After a bench trial, the family court found Baker guilty and sentenced him to probation for two years, including 30 days jail. Baker appealed. The ICA affirmed.

Trial By Jury is Kind of a Big Deal. “Trial by jury is considered fundamental to our system of criminal justice.” State v. Pokini, 55 Haw. 640, 656, 526 P.2d 94, 108 (1974). Here in Hawaii, trial by jury generally applies when the potential penalty for the charged offense is six months or more. HRS § 806-60. Baker had a right to a jury trial because the potential penalty for abuse of a family or household member could lead to a year in jail.

In these cases, the trial court at arraignment must inform the defendant about the right to a jury trial and inform the defendant that he or she “may elect to be tried without a jury in the district court.” HRPP Rule 5(b)(1). This right—like almost all others—can be waived, but it must be “in writing or orally in open court.” State v. Ibuos, 75 Haw. 118, 121, 857 P.2d 576, 578 (1993). The waiver is the “knowing, intelligent, and voluntary relinquishment of a known right.” State v. Friedman, 93 Hawaii 63, 69, 996 P.2d 268, 274 (2000). Waiver is reviewed on a totality of the circumstances and must be approved by the trial court. HRPP Rule 23(a).

Trial Court has the Duty to Ensure a Proper Waiver of Rights. Approving of the waiver of a right is a “serious and weighty responsibility.” United States v. Saadya, 750 F.2d 1419, 1421 (9th Cir. 1985). In Hawaii, trial courts must engage in an on-the-record colloquy with the defendant to carry out this serious and weighty duty. State v. Gomez-Lobato, 130 Hawaii 465,__, 312 P.3d 897, 901 (2013). Here, there was nothing in the record indicating that Baker voluntarily waived his jury trial right. Both the colloquy and the waiver form failed to show that Baker understood that his waiver has to be of his own free will or that no one put pressure on him or that it was simply voluntarily given. This was enough to vacate the judgment and remand for a new trial.
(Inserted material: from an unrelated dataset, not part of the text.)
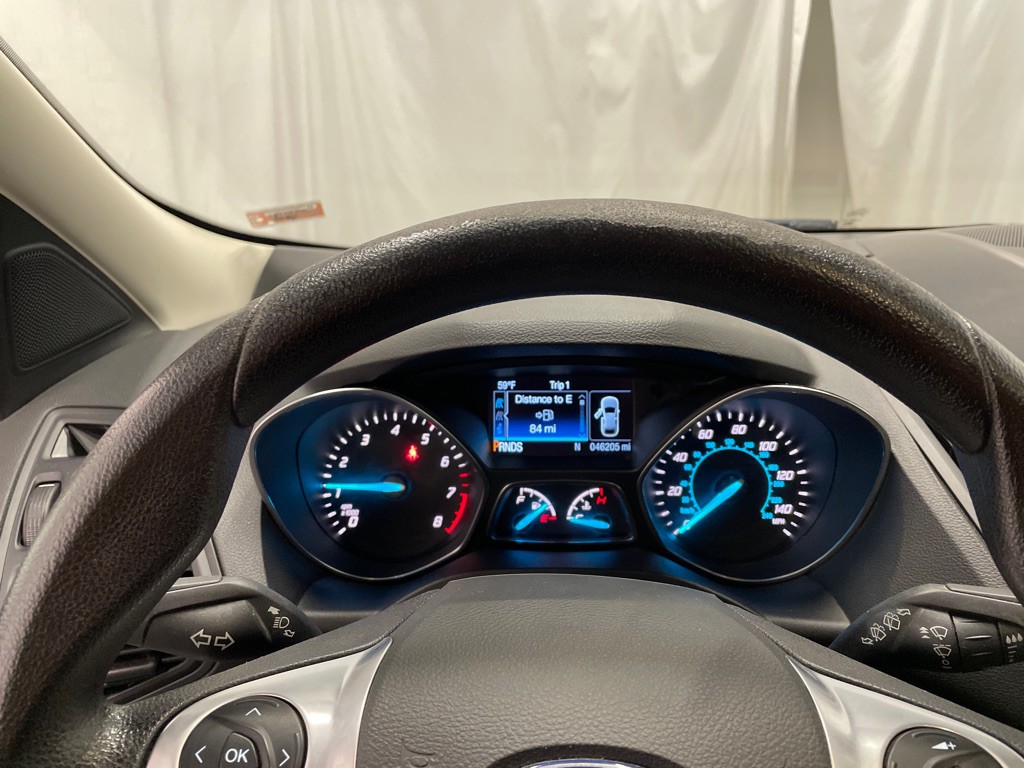 2015 Ford Escape Image 26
Justice Acoba’s Concurrence. Justice Acoba agreed that the failure to ensure that the waiver of this right was voluntarily given requires a new trial. He wrote separately to note that the colloquy and the form should also include informing Baker that (1) twelve members from the community compose a jury; (2) the defendant may take part in the jury selection; (3) a jury verdict must be unanimous; and (4) the court alone decides “guilt or innocence” if the defendant waives a jury trial. See Gomez-Lobato, 130 Hawaii 465, __, 312P.3d 897, 905 (2013) (Acoba, J., concurring).